§ INSTRUCTIONS TO FOLLOW: Repeat the listing exactly. Do not carry over any pictures.

§ DATASET CONTENT:
%%

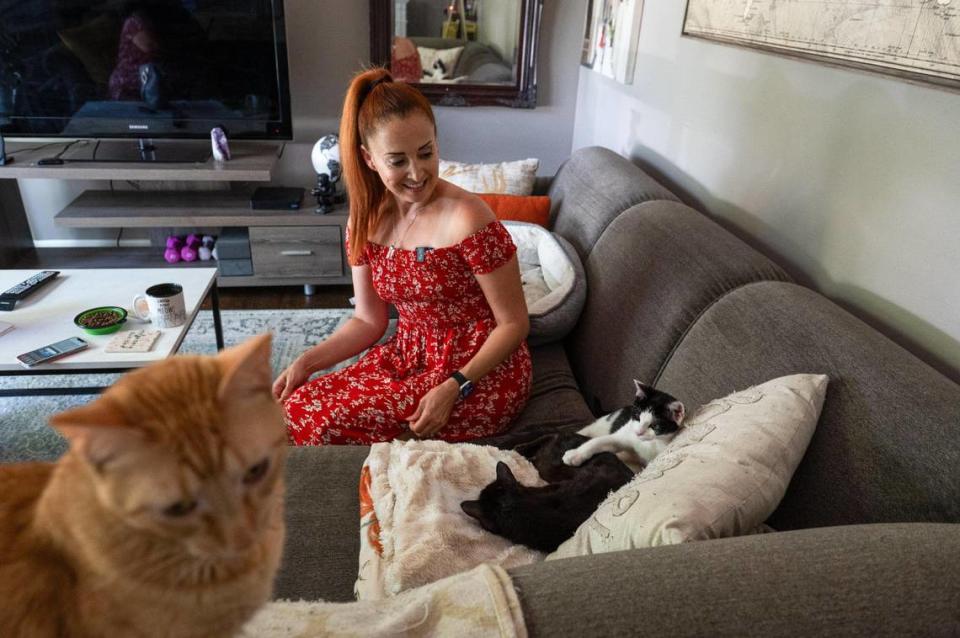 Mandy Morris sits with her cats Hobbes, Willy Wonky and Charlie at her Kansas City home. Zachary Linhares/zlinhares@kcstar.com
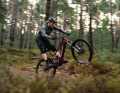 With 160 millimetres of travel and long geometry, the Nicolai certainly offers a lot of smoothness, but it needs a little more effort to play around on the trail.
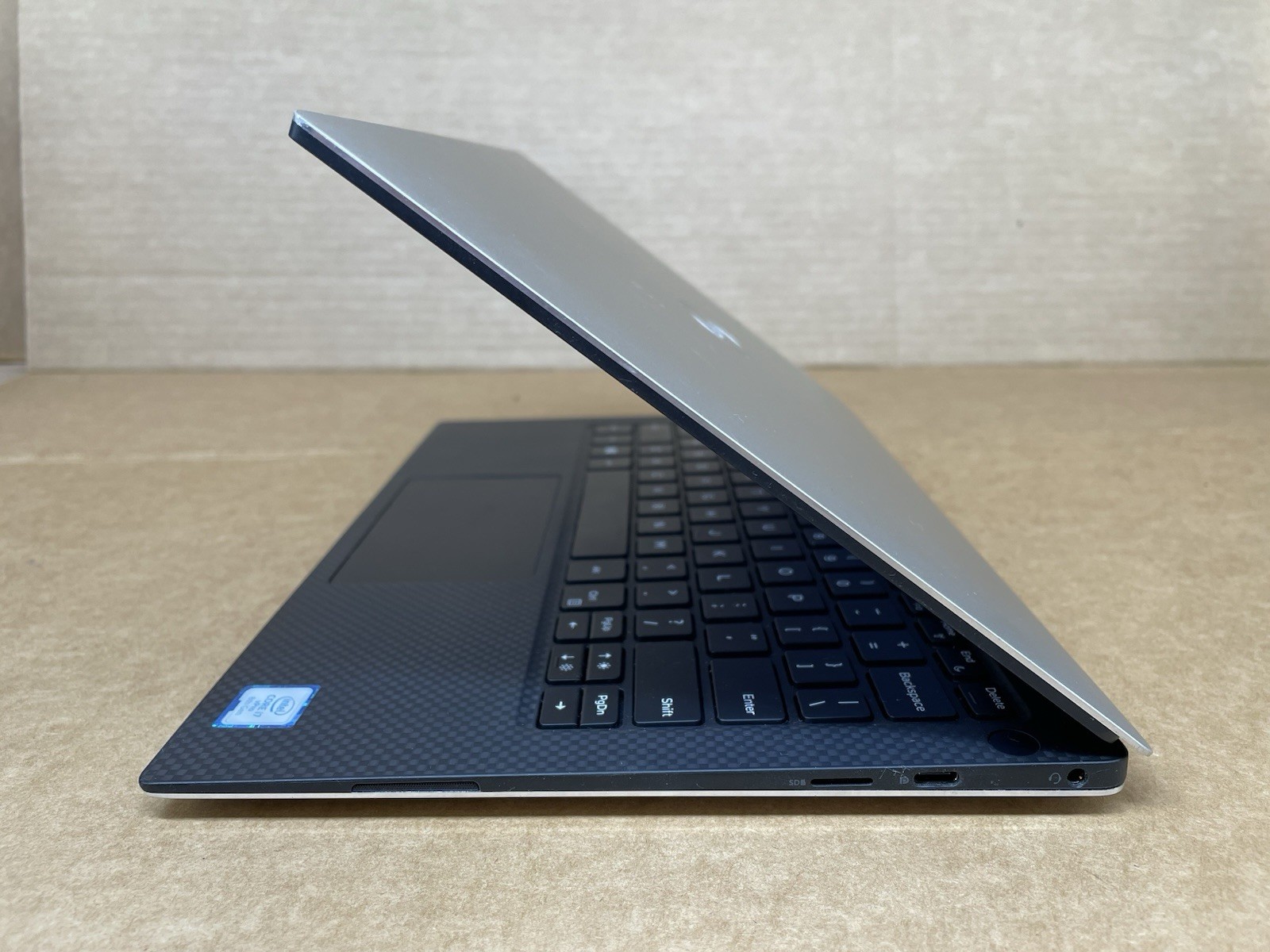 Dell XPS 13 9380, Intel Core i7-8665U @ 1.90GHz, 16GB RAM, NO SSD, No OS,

%%

§ OUTPUT BELOW:
 Mandy Morris sits with her cats Hobbes, Willy Wonky and Charlie at her Kansas City home. Zachary Linhares/zlinhares@kcstar.com
 With 160 millimetres of travel and long geometry, the Nicolai certainly offers a lot of smoothness, but it needs a little more effort to play around on the trail.
 Dell XPS 13 9380, Intel Core i7-8665U @ 1.90GHz, 16GB RAM, NO SSD, No OS,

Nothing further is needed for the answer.